個人名で誰とはいわないが誰やらみたいに目立ちたがらずコビもなく
それでいてますます歌に対して真摯で存在感を高めている石川サン。
このブログでは1.女優・浪花千栄子さんとの思い出をからめた「竹生島」
2.好きな映画シリーズから「夜の河」3.大女優、山田五十鈴さんを哀悼して
『しぐれ茶屋おりく』をテーマに「おりく」
4.ただ一人の女として呪縛するかのように愛を契った男、幽閉されたように
その男の面影にすがり生きる女。

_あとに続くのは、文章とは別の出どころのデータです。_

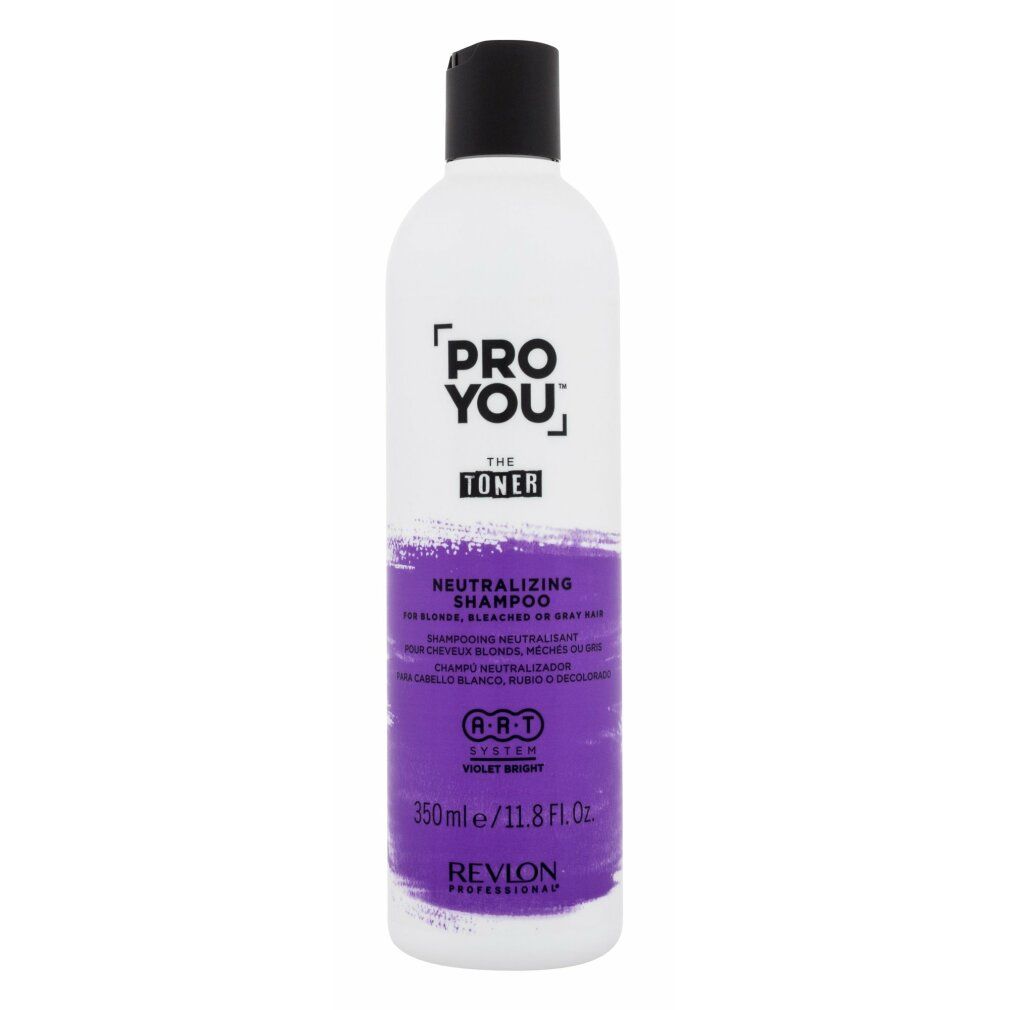 Weiße Flasche mit schwarzem Deckel. Aufkleber mit lila Farbverlauf und Text: PRO YOU, THE TONER, NEUTRALIZING SHAMPOO, 350ml/11.8 Fl. Oz.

そんな男女の激情の詞「落葉(らくよう)亭」
5.歌舞伎の演目「桜姫 ~歌舞伎 桜姫東文章 」より中村勘三郎さんを哀悼 して
「桜姫」6.女優・浪花千栄子サンの幼少の人並みならぬ苦労、女優としての開花
活躍をモチーフに「傍らの花」の6篇を書き下ろしてきました。
石川サンを想定しての書き下ろ詞は生半可な詞は書けない。
もちろん誰に対してもそうなのだがテーマとモチーフをしっかり決めて
彼女の唄いっぷりに負けない詞を書きたいと思うのだ。
前述の6篇にしても女優、映画、芝居、歌舞伎などからヒントを得た重厚な
書き下ろ詞を書いてきたのもそういう意図があってのことだ。
今回は昨年から折にふれ読み返している作家・山本周五郎の作品『夫婦の朝』
から着想を得た文芸もの。小説の内容は皆さんに
読んでいただければ分かるがなかなか味のあるものだから
共感のもらえる書き下ろ詞になったと思う。